** Dataset **

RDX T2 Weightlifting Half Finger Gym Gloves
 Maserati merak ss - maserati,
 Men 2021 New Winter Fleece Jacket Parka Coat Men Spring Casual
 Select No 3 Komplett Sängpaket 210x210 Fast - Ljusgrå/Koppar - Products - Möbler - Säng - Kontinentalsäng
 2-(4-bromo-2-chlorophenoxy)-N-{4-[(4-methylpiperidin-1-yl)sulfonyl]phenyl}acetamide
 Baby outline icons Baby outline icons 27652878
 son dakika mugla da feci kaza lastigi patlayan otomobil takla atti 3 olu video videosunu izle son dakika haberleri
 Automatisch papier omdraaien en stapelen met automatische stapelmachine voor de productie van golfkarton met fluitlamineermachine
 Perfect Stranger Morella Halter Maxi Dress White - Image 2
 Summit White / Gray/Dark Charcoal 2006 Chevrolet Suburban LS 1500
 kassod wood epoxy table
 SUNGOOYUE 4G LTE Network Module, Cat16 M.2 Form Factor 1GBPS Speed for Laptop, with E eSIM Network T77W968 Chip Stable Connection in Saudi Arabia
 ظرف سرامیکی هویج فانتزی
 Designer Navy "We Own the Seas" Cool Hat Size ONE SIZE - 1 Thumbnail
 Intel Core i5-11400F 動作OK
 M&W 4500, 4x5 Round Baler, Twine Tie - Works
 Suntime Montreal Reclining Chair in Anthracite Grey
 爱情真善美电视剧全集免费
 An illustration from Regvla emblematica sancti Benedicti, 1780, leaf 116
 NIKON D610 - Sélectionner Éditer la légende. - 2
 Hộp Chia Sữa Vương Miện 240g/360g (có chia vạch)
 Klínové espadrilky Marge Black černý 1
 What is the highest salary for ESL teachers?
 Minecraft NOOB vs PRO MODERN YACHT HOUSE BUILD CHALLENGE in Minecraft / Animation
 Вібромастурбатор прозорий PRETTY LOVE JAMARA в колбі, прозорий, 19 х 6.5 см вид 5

** Directions for this task **
I would like you to restate word for word the lines from the one with "SUNGOOYUE 4G LTE" through the last line of the material above, and only those.

** Exercise result **
 SUNGOOYUE 4G LTE Network Module, Cat16 M.2 Form Factor 1GBPS Speed for Laptop, with E eSIM Network T77W968 Chip Stable Connection in Saudi Arabia
 ظرف سرامیکی هویج فانتزی
 Designer Navy "We Own the Seas" Cool Hat Size ONE SIZE - 1 Thumbnail
 Intel Core i5-11400F 動作OK
 M&W 4500, 4x5 Round Baler, Twine Tie - Works
 Suntime Montreal Reclining Chair in Anthracite Grey
 爱情真善美电视剧全集免费
 An illustration from Regvla emblematica sancti Benedicti, 1780, leaf 116
 NIKON D610 - Sélectionner Éditer la légende. - 2
 Hộp Chia Sữa Vương Miện 240g/360g (có chia vạch)
 Klínové espadrilky Marge Black černý 1
 What is the highest salary for ESL teachers?
 Minecraft NOOB vs PRO MODERN YACHT HOUSE BUILD CHALLENGE in Minecraft / Animation
 Вібромастурбатор прозорий PRETTY LOVE JAMARA в колбі, прозорий, 19 х 6.5 см вид 5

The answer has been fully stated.